▸ SUPPLIED INFORMATION:
+-------+

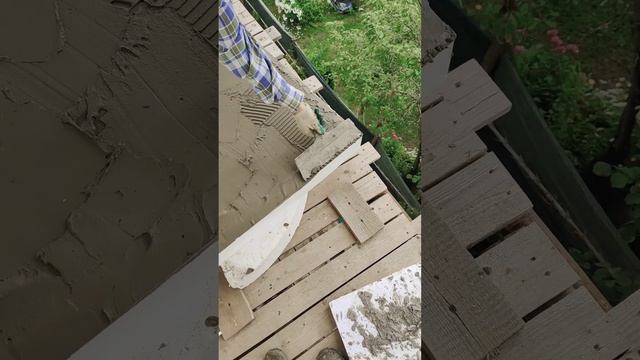 Технология нанесения цементного клея гребёнкой. Прик?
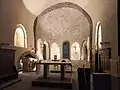 abside romane éclairée, mobilier liturgique, stalles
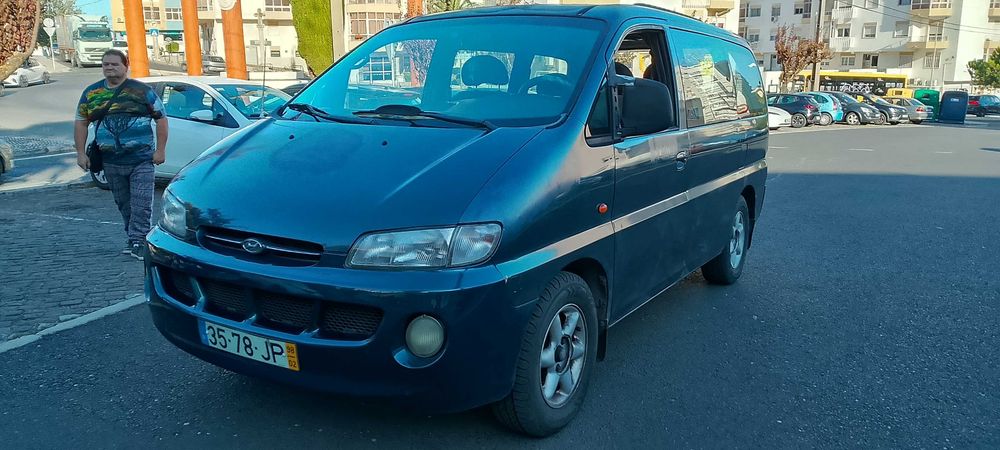 Vende-se Minivan Hyundai Plaza 7 Lugares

+-------+

▸ EXERCISE AIM:
All of the data is to be transcribed exactly, with images omitted.

▸ SOLUTION BELOW:
 Технология нанесения цементного клея гребёнкой. Прик?
 abside romane éclairée, mobilier liturgique, stalles
 Vende-se Minivan Hyundai Plaza 7 Lugares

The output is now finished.